(WORK ITEM): For this exercise, write out only the lines of the entries below from the one with "貴　特別純米60　直汲　無濾過生原酒　1800ml" up to and including the one with "S1-39 第39话(1/2)-第39话", exactly as they are. Pictures stay out.

Crawled caption data
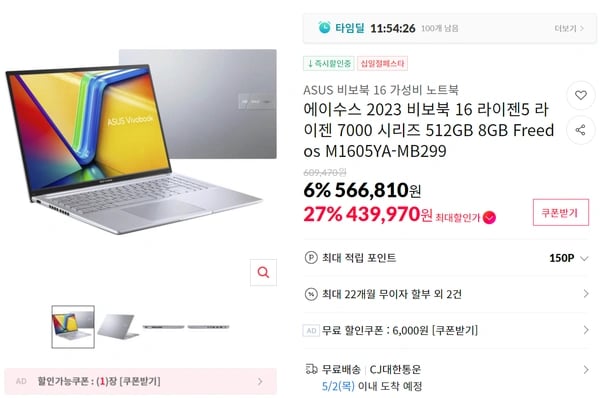 ASUS  에이수스 2023 비보북 16 라이젠5 라이젠 7000 시리즈 512GB 8GB M1605YA-MB299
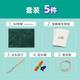 高爾樂(lè ) 油畫(huà)棒繪畫(huà)常用工具 工具五件 單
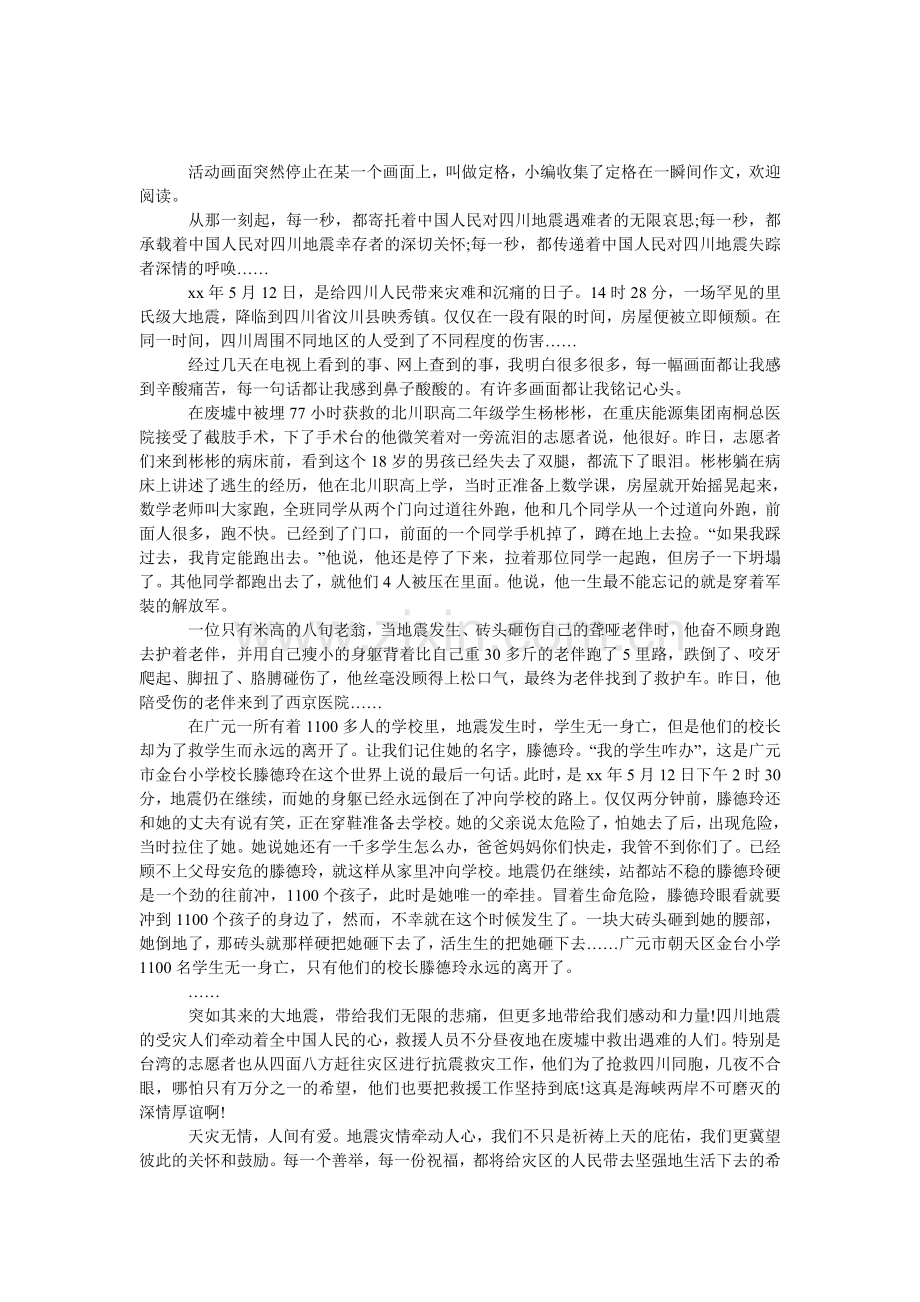 定格在一瞬间作文1500字.doc_第1页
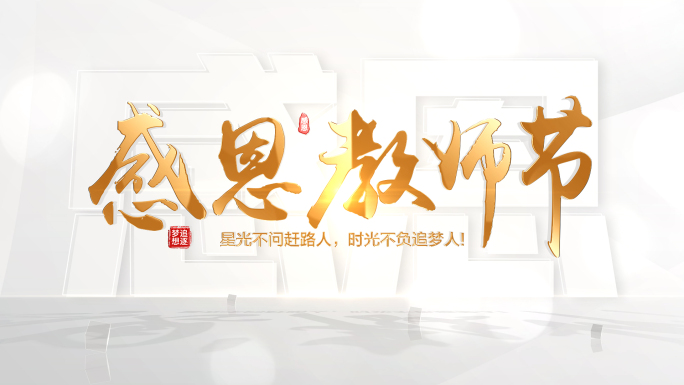 教师节文字片头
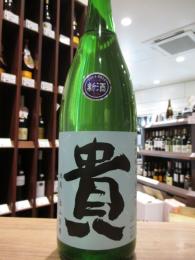 貴　特別純米60　直汲　無濾過生原酒　1800ml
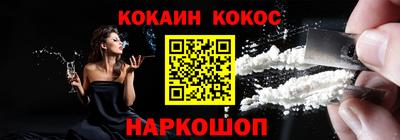 альфа пвп VHQ Ипатово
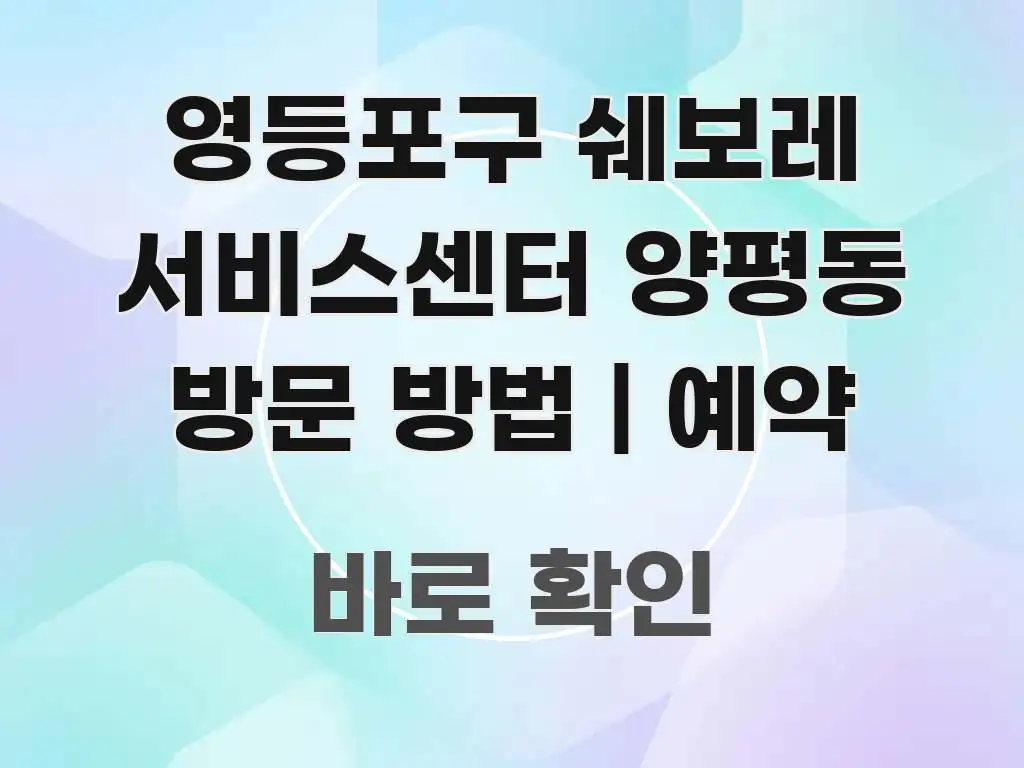 영등포구 쉐보레 서비스센터 양평동 방문 방법 | 예약 알기 쉽게 정리한 모던 카드뉴스 디자인 - 활용 예시 이미지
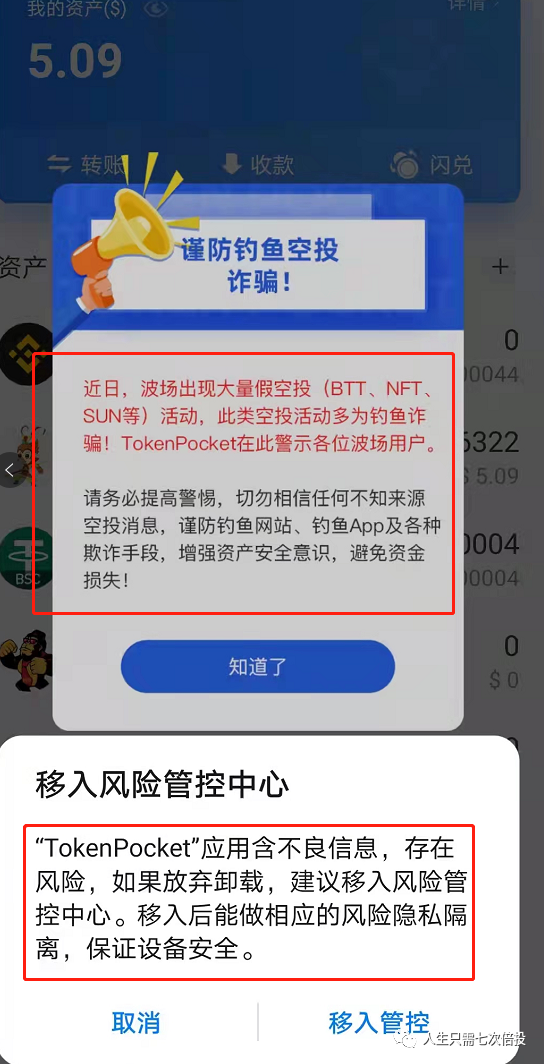 苹果手机下载不了tp钱包、苹果下载不了tiktok怎么办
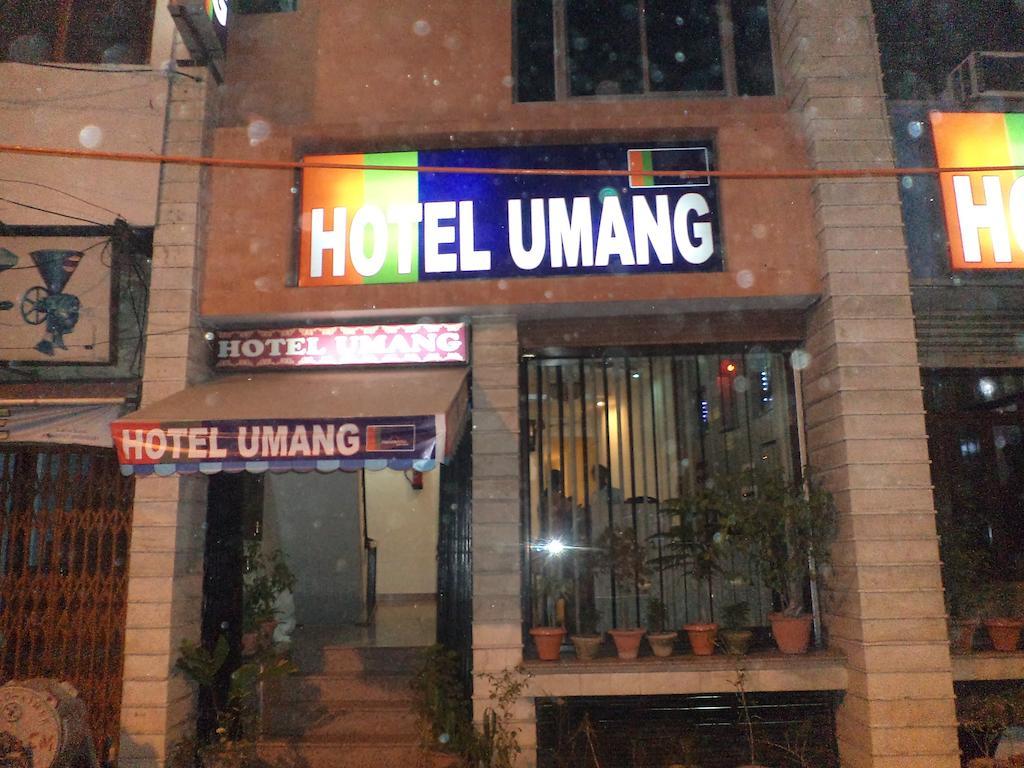 Hotel Umang Lucknow Exterior foto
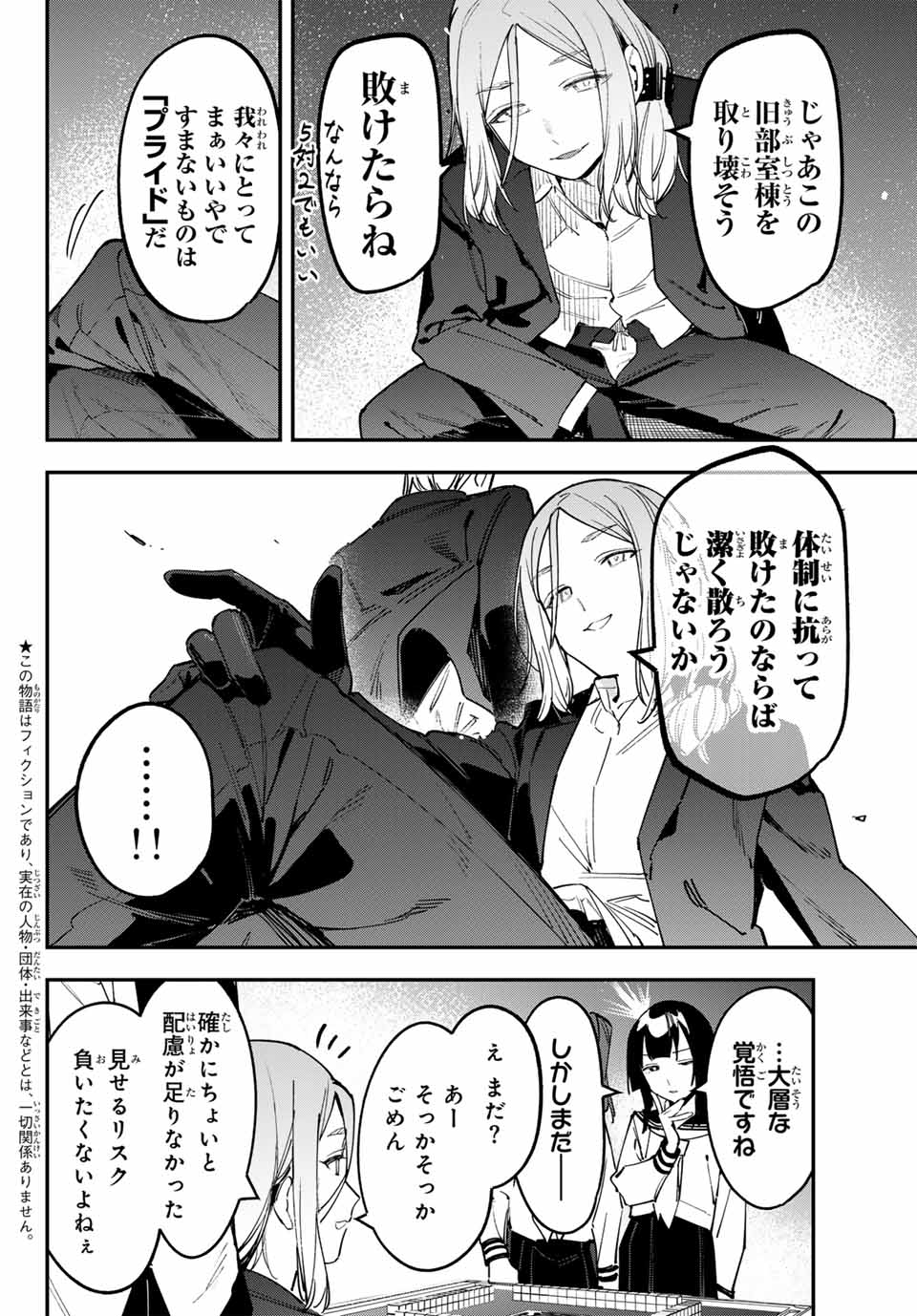 Seitokai ni mo Ana wa Aru! Chapter 82 2ページ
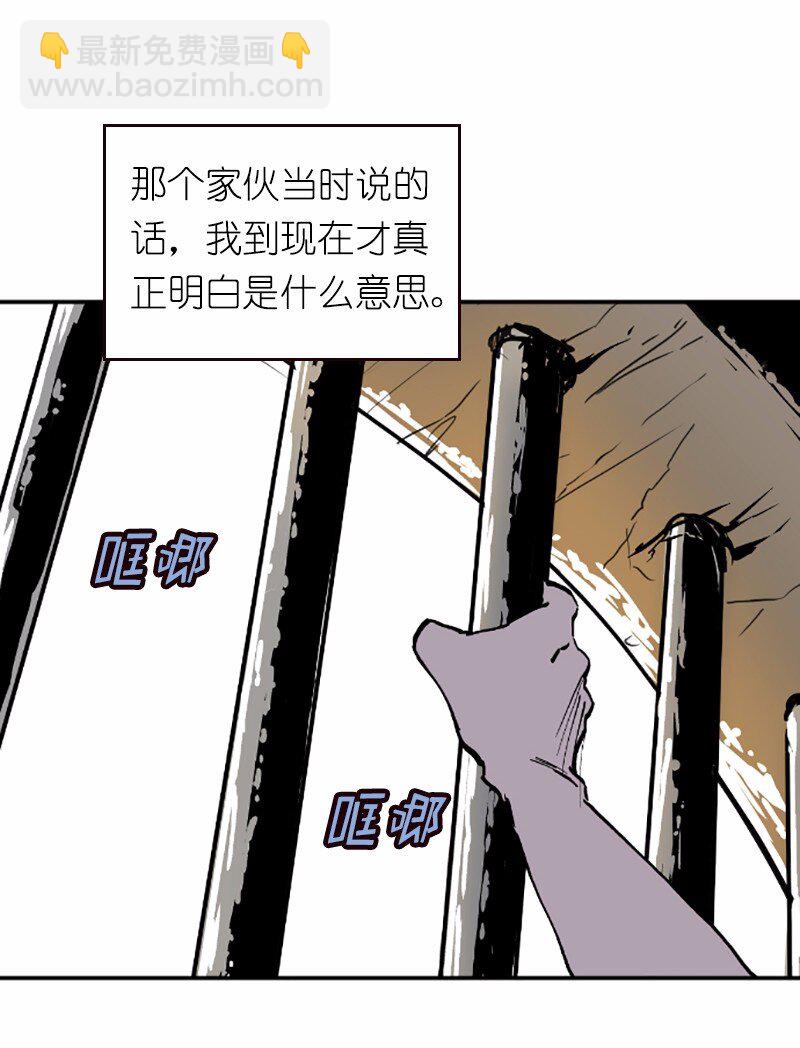 S1-39 第39话(1/2)-第39话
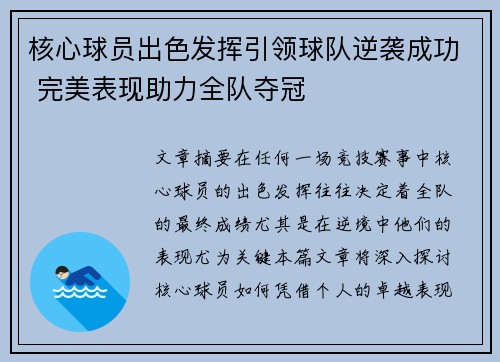 核心球员出色发挥引领球队逆袭成功 完美表现助力全队夺冠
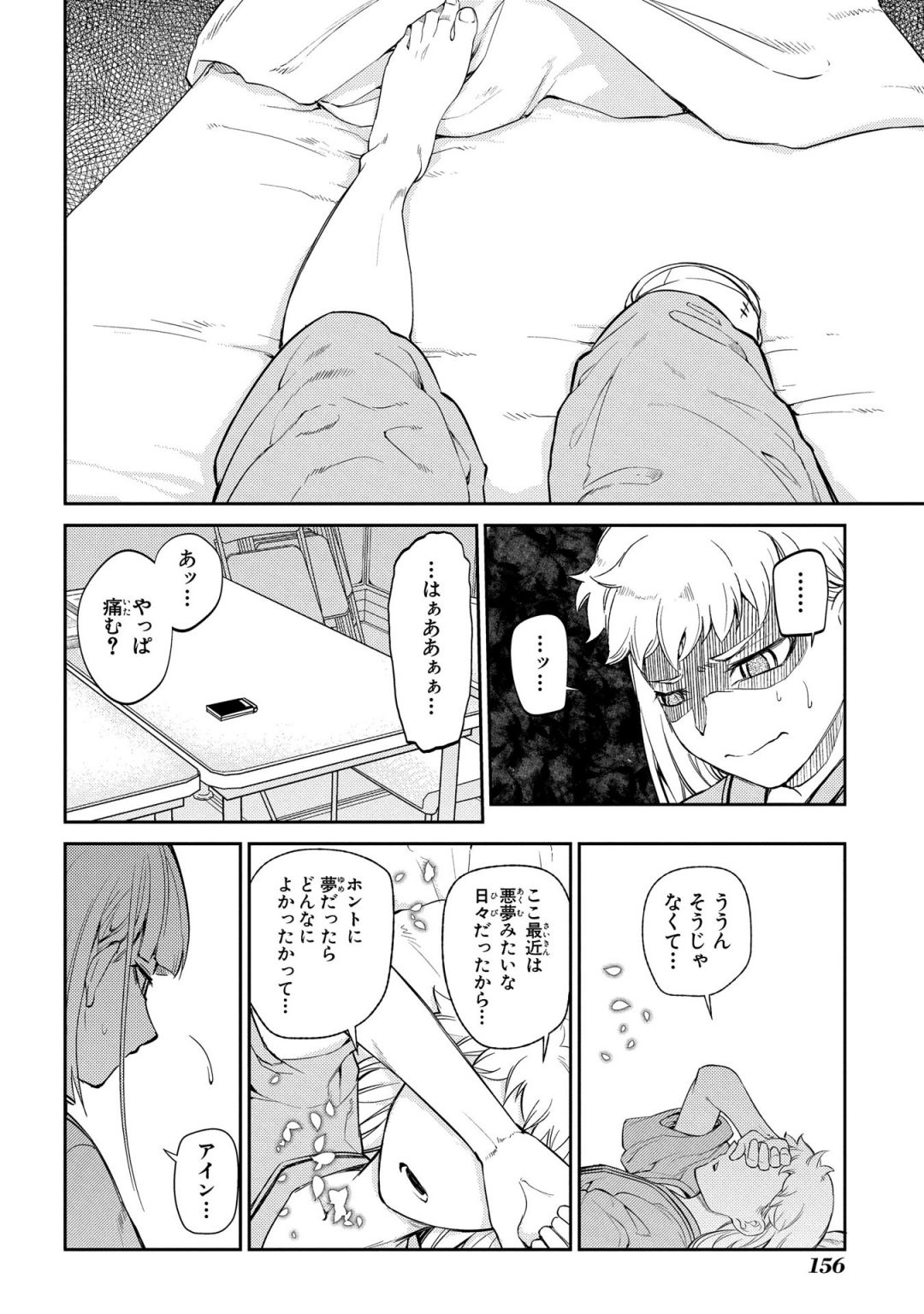 リィンカーネーションの花弁 Chap 35 - Next Chap 36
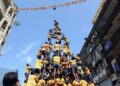 Dahi Handi 2025 celebration and Krishna Janmashtami traditions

(ANSWER BELOW):
 貴　特別純米60　直汲　無濾過生原酒　1800ml
 альфа пвп VHQ Ипатово
 영등포구 쉐보레 서비스센터 양평동 방문 방법 | 예약 알기 쉽게 정리한 모던 카드뉴스 디자인 - 활용 예시 이미지
 苹果手机下载不了tp钱包、苹果下载不了tiktok怎么办
 Hotel Umang Lucknow Exterior foto
 Seitokai ni mo Ana wa Aru! Chapter 82 2ページ
 S1-39 第39话(1/2)-第39话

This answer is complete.